» **Exercise brief**
Copy exactly the lines that run from the top of the listing to the line containing "Ashley Lauren Collection", both ends included, and omit the pictures.

» **Source data**
++++++

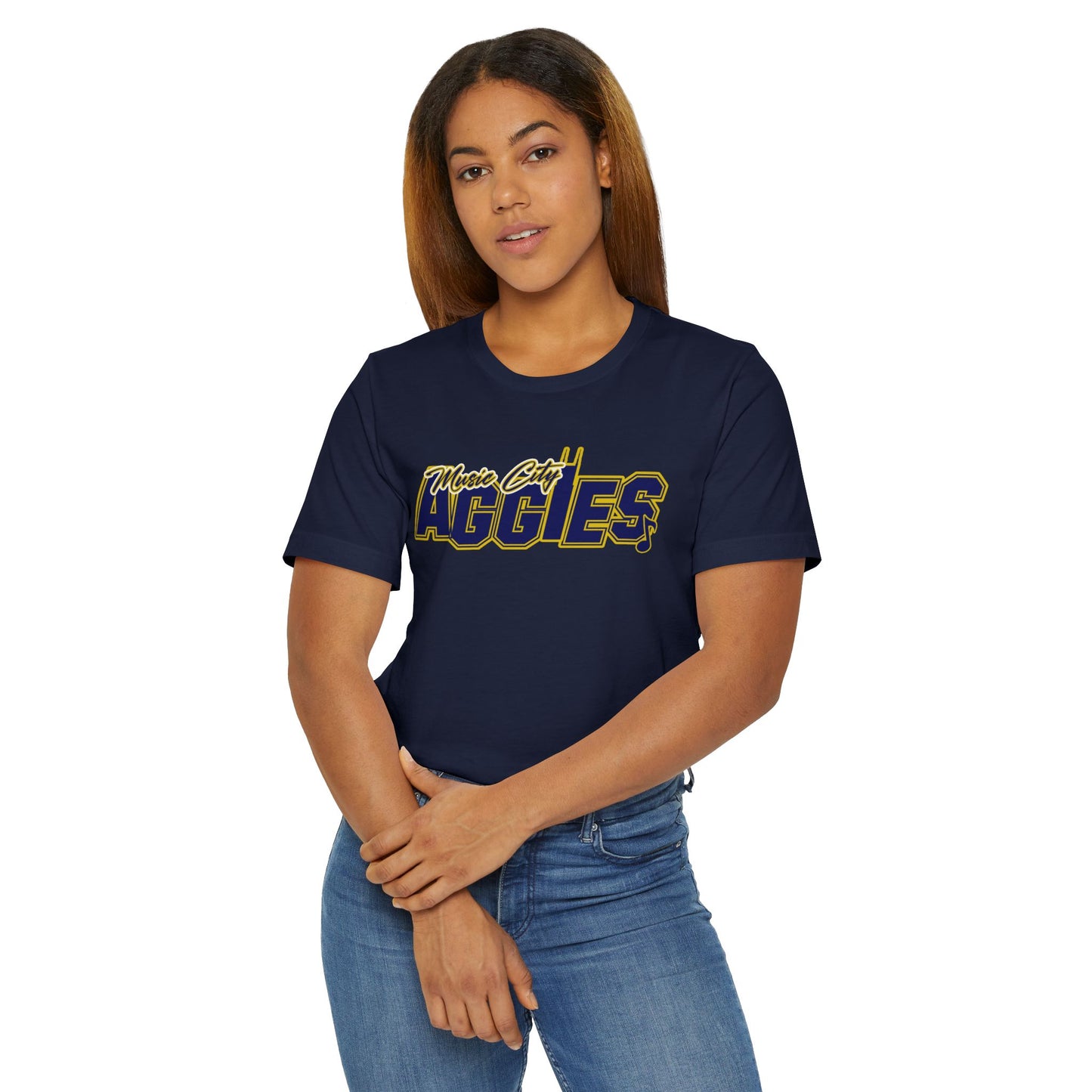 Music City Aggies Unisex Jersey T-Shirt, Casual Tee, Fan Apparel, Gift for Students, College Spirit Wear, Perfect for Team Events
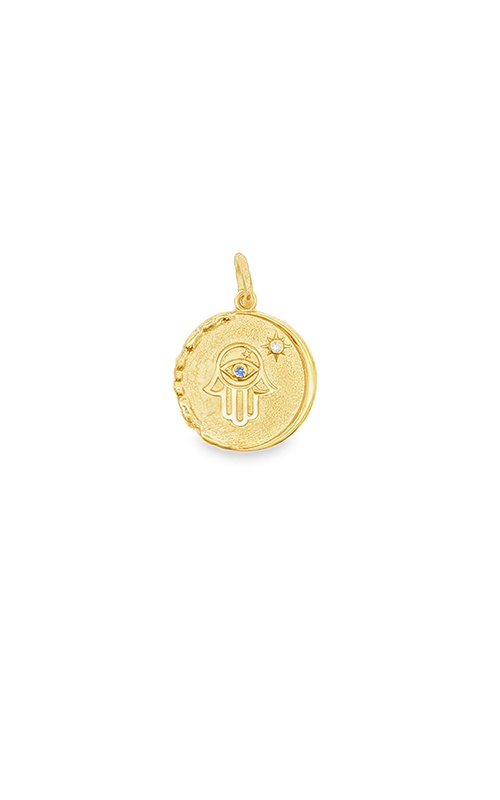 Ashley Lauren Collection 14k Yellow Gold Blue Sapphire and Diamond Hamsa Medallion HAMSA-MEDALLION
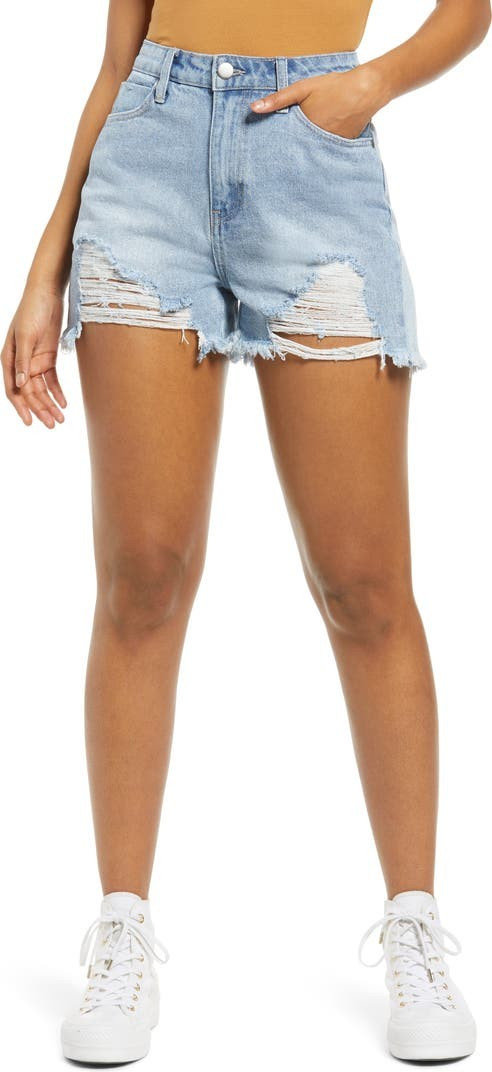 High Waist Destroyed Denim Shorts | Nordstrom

++++++

» **Answer to the exercise**
 Music City Aggies Unisex Jersey T-Shirt, Casual Tee, Fan Apparel, Gift for Students, College Spirit Wear, Perfect for Team Events
 Ashley Lauren Collection 14k Yellow Gold Blue Sapphire and Diamond Hamsa Medallion HAMSA-MEDALLION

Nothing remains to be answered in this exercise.